Short text fragments from websites
■ ■ ■
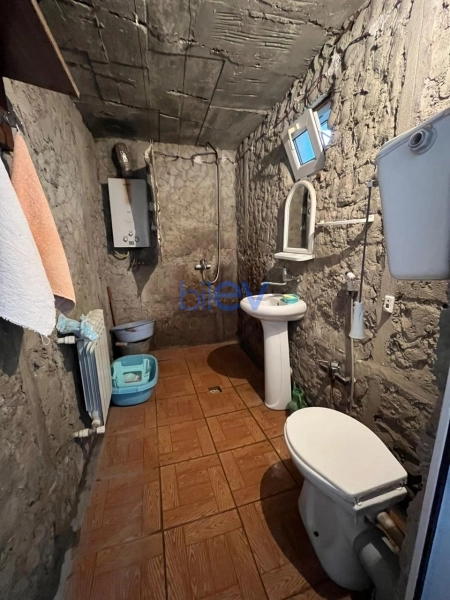 Satış 6 otaqlı Həyət evi  200m², Bakı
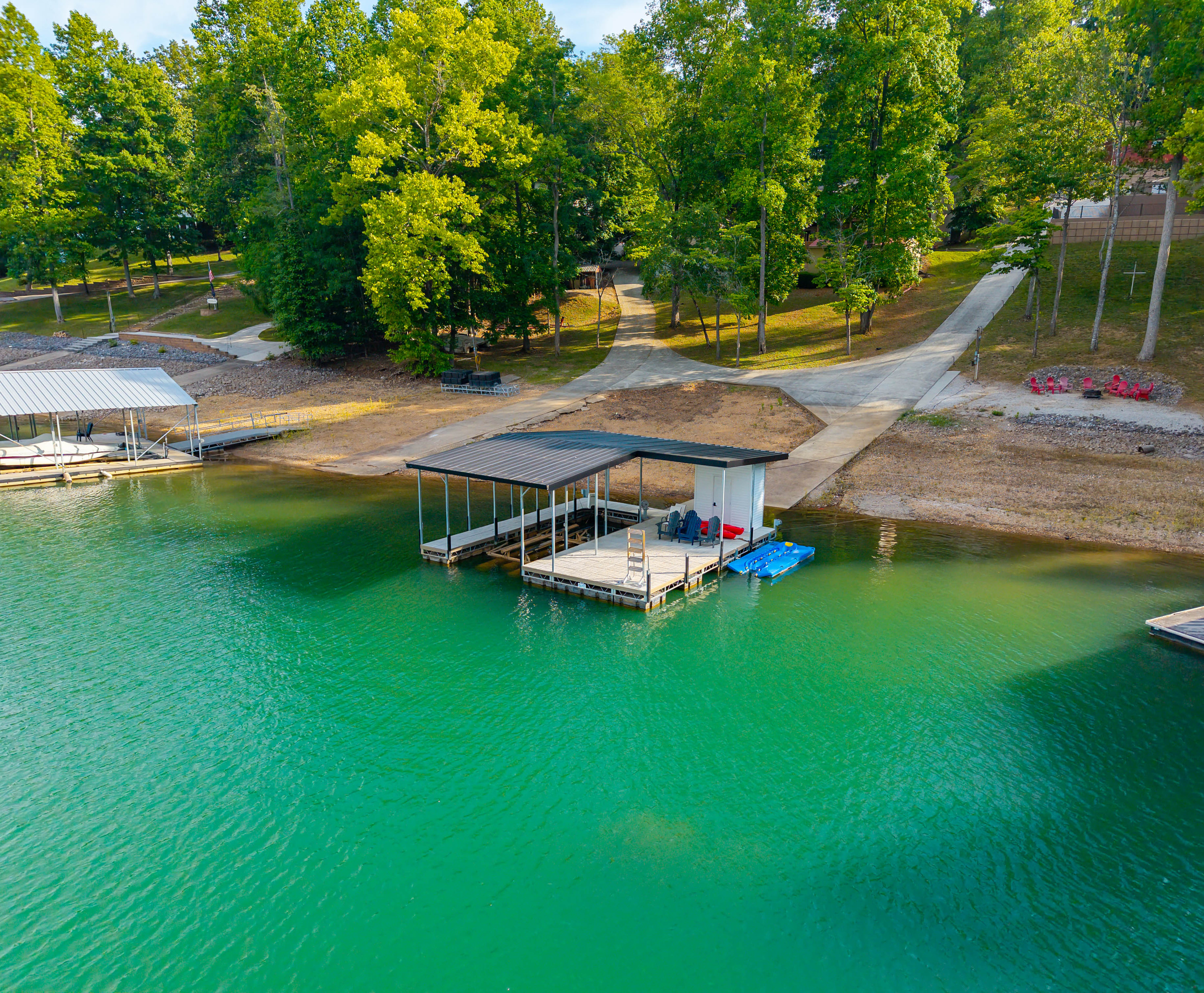 Easy access to the dock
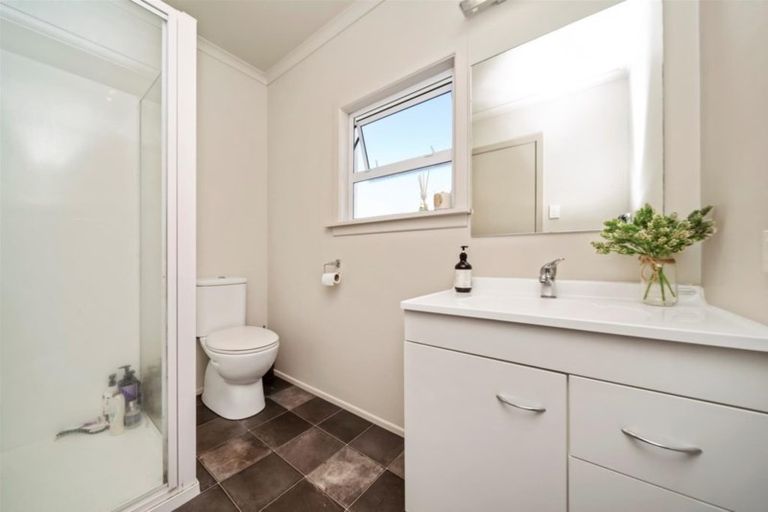 Photo of property in 37 Burns Street, Hawera, 4610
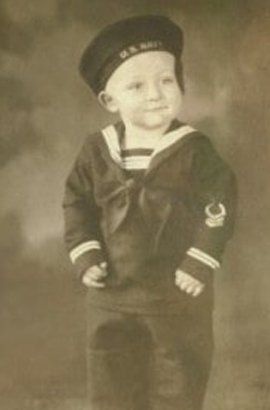 Damaged photo of a young boy — Newark, DE — Foto Doctor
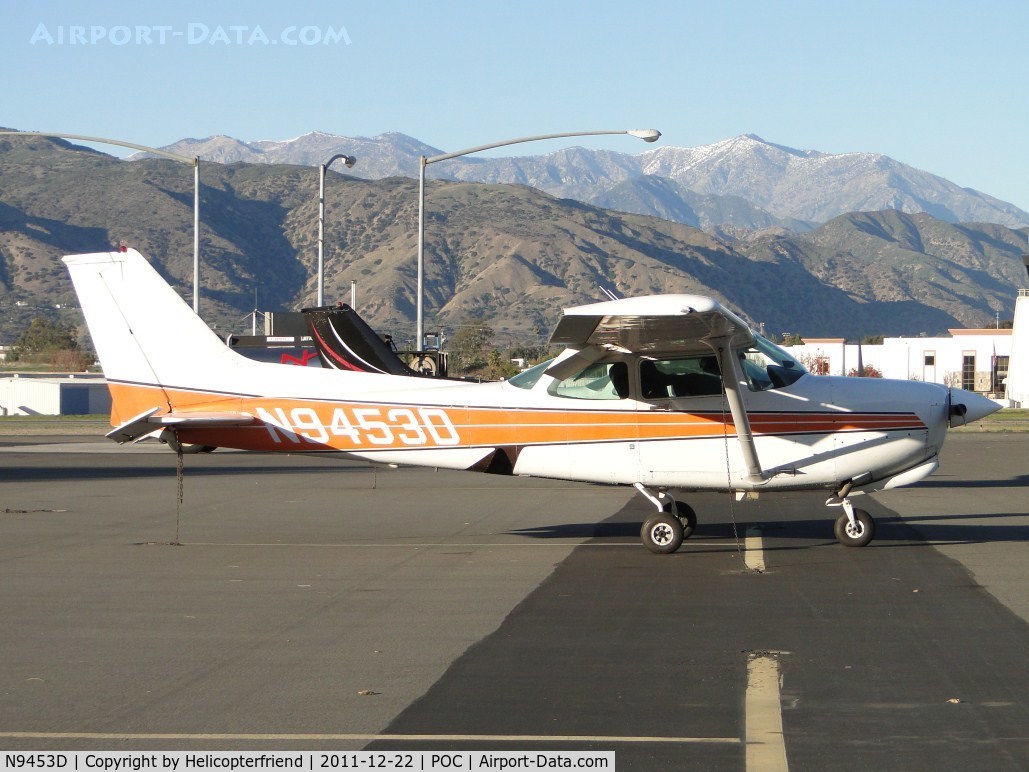N9453D, 1984 Cessna 172RG Cutlass RG C/N 172RG1169, Tied down and parked in transient parking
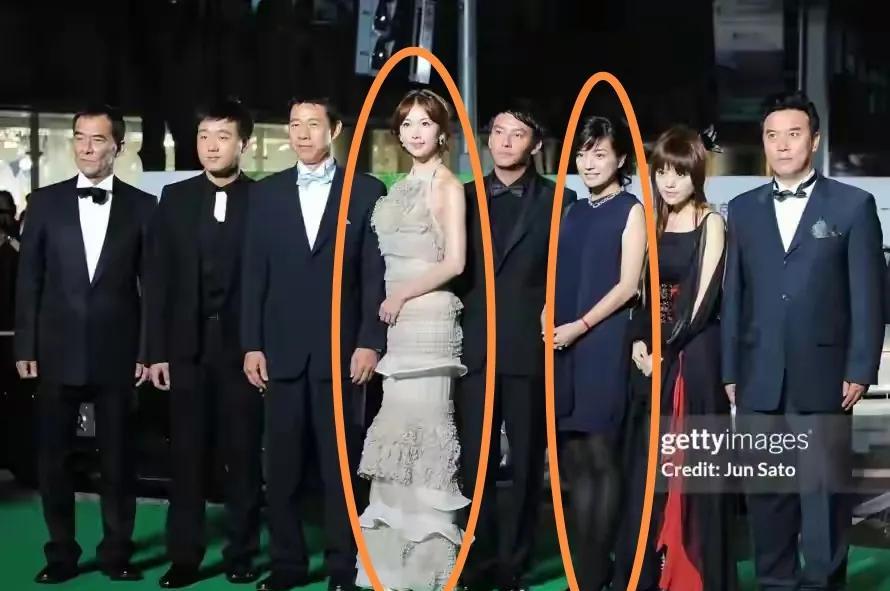 当年林志玲有多火？看她和实力派演员们站一起平排合影就知道了，她是站C位，而当年演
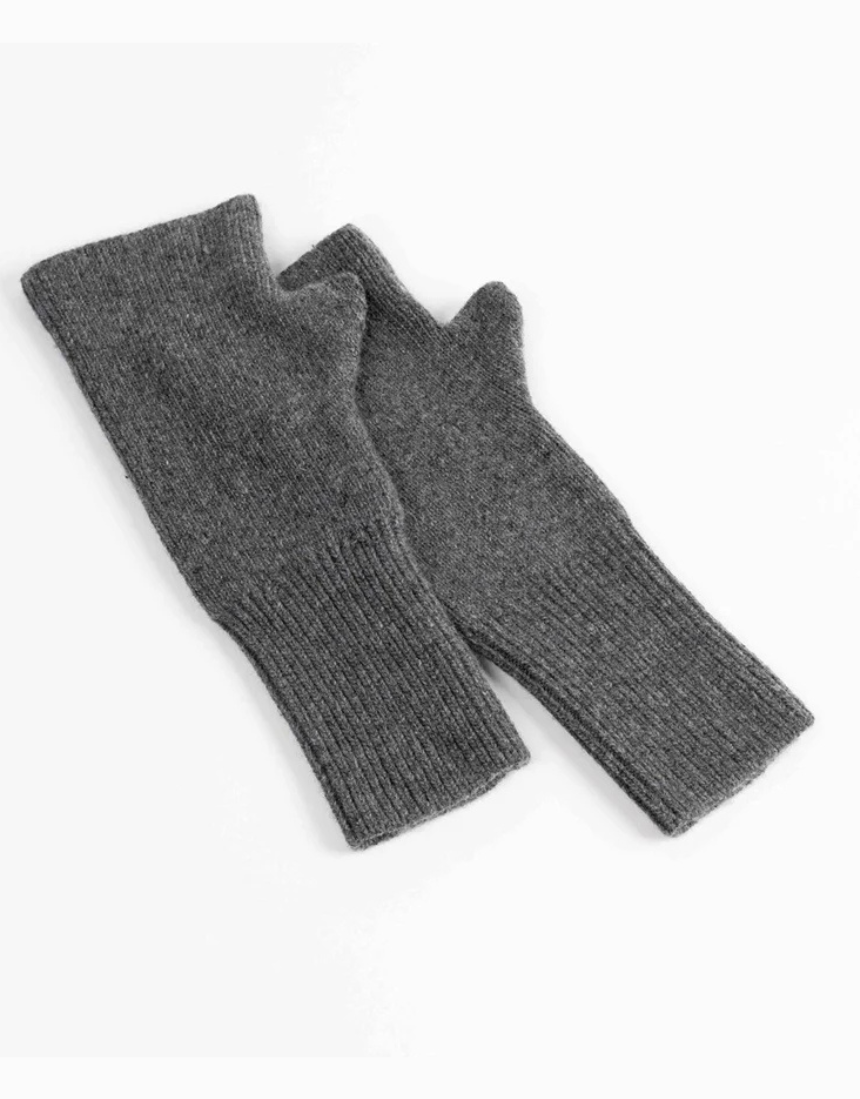 Maison Fanli Julia mittens in dark grey, cozy knit gloves with ribbed cuffs, designed for warmth and style.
■ ■ ■
Instructions to follow> Repeat exactly and only the lines from the one holding "Photo of property" through the final line of the entries; no pictures.

Output for this exercise>
 Photo of property in 37 Burns Street, Hawera, 4610
 Damaged photo of a young boy — Newark, DE — Foto Doctor
N9453D, 1984 Cessna 172RG Cutlass RG C/N 172RG1169, Tied down and parked in transient parking
 当年林志玲有多火？看她和实力派演员们站一起平排合影就知道了，她是站C位，而当年演
 Maison Fanli Julia mittens in dark grey, cozy knit gloves with ribbed cuffs, designed for warmth and style.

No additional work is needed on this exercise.